◆ YOUR INSTRUCTIONS ◆
Pictures should be omitted; restate word for word the lines from the one holding "Дмитрий и Алита. Фотограф Эмиль Исякаев" through the last line of the entries below.

[Image-text web data]
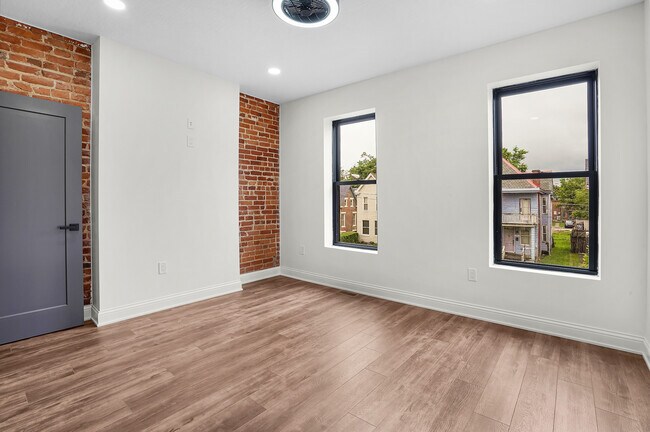 Primary bedroom with en suite - 618 S Ohio Ave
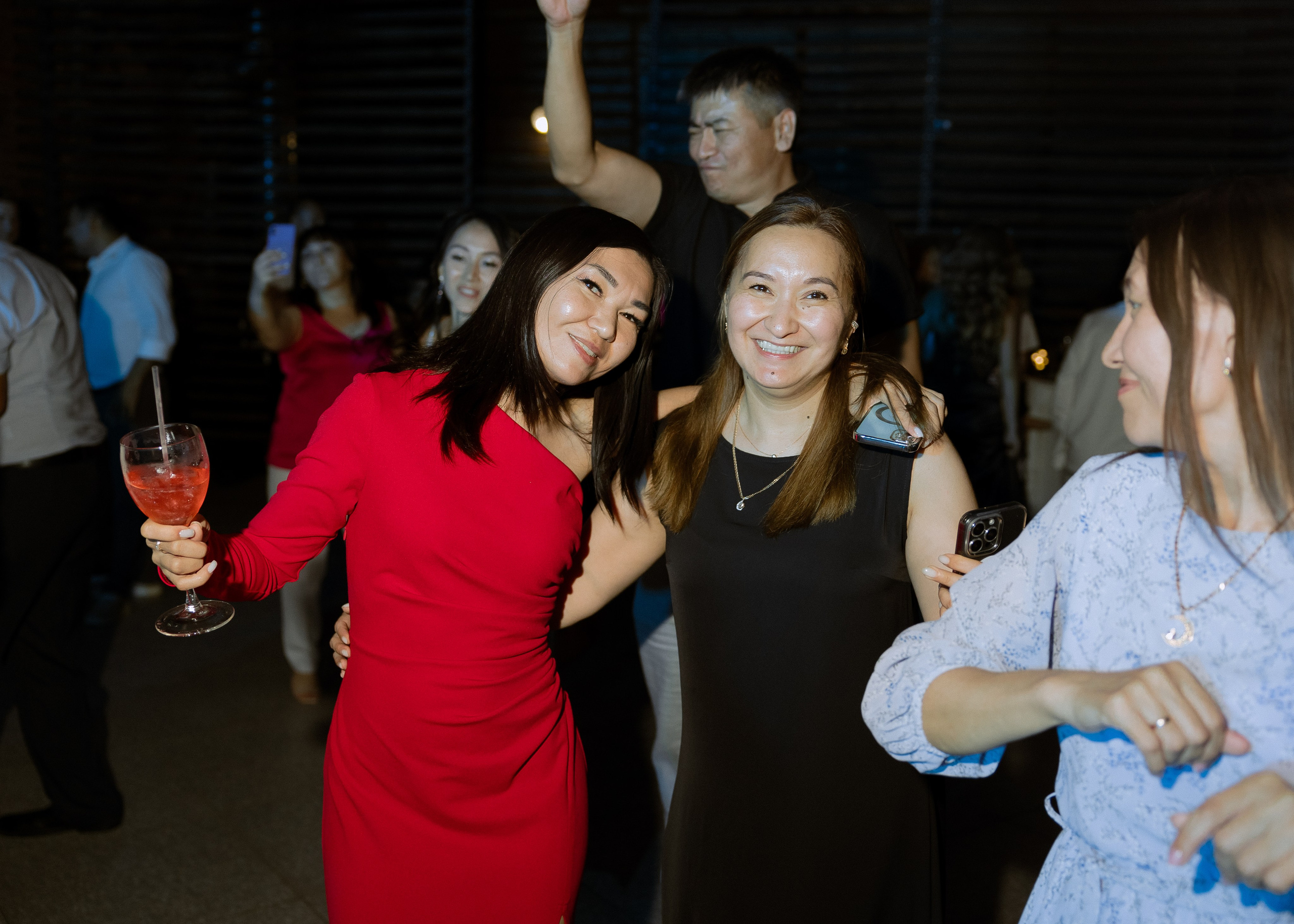 Дмитрий и Алита. Фотограф Эмиль Исякаев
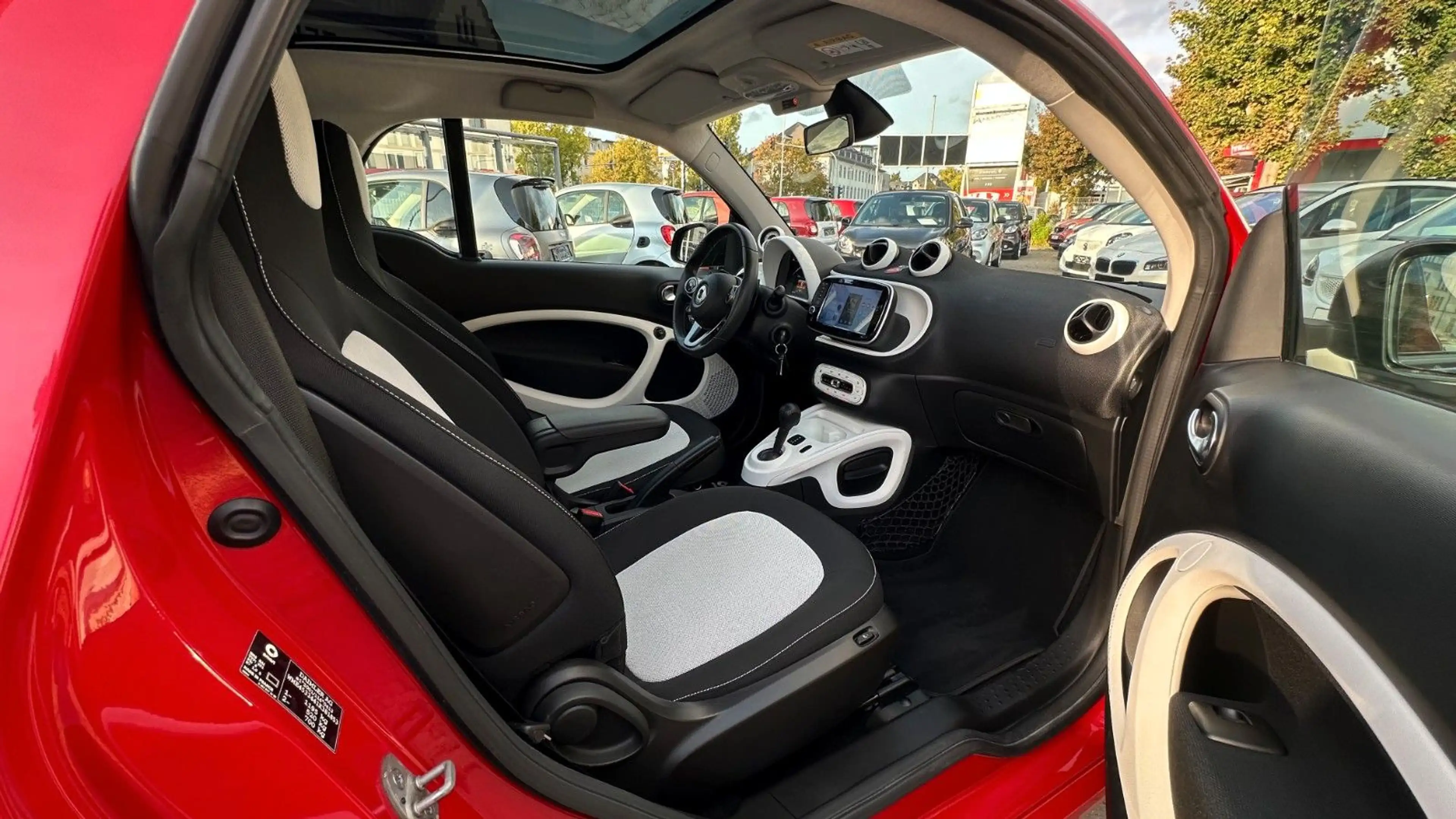 smart forTwo Coupe TURBO DCT SPORTPAKET! TITANIA MATT! PANO! — photo 8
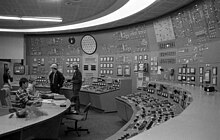 Greifswald Nuclear Power Plant control room in 1990. Bundesarchiv Bild 183-1990-0221-029, Greifswald, Storfall im Kernkraftwerk.jpg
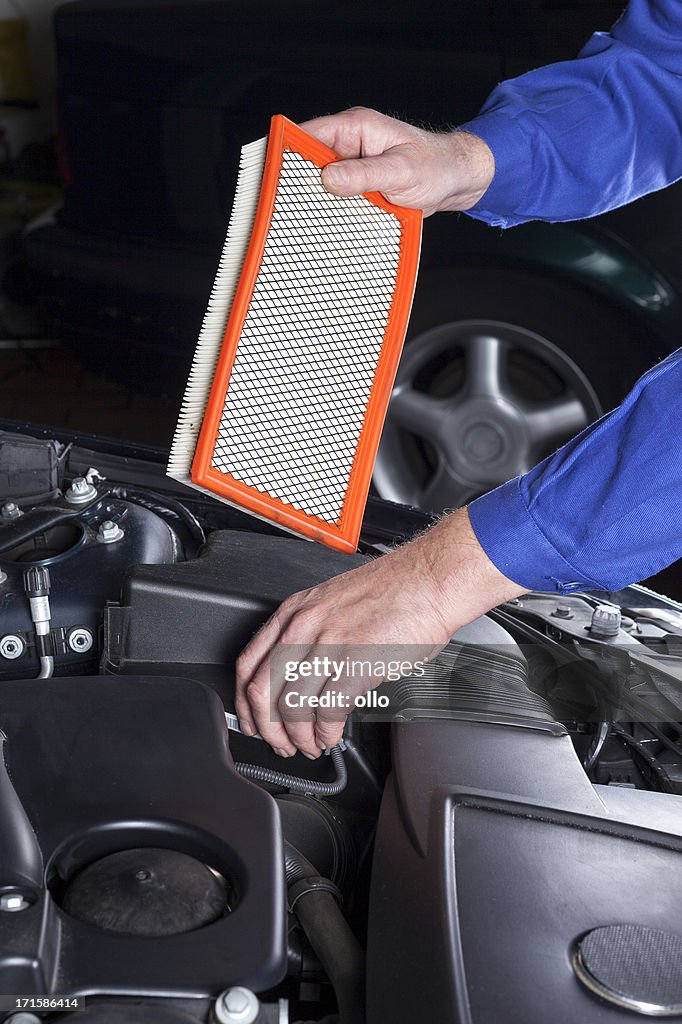 Changing an engine air cleaner/filter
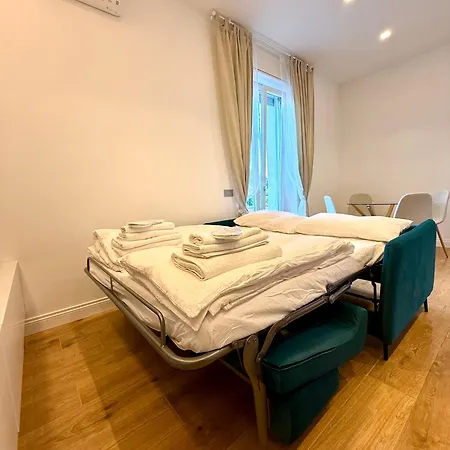 Aurelia Luxury * Řím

◆ SOLVED PROBLEM ◆
 Дмитрий и Алита. Фотограф Эмиль Исякаев
 smart forTwo Coupe TURBO DCT SPORTPAKET! TITANIA MATT! PANO! — photo 8
 Greifswald Nuclear Power Plant control room in 1990. Bundesarchiv Bild 183-1990-0221-029, Greifswald, Storfall im Kernkraftwerk.jpg
 Changing an engine air cleaner/filter
 Aurelia Luxury * Řím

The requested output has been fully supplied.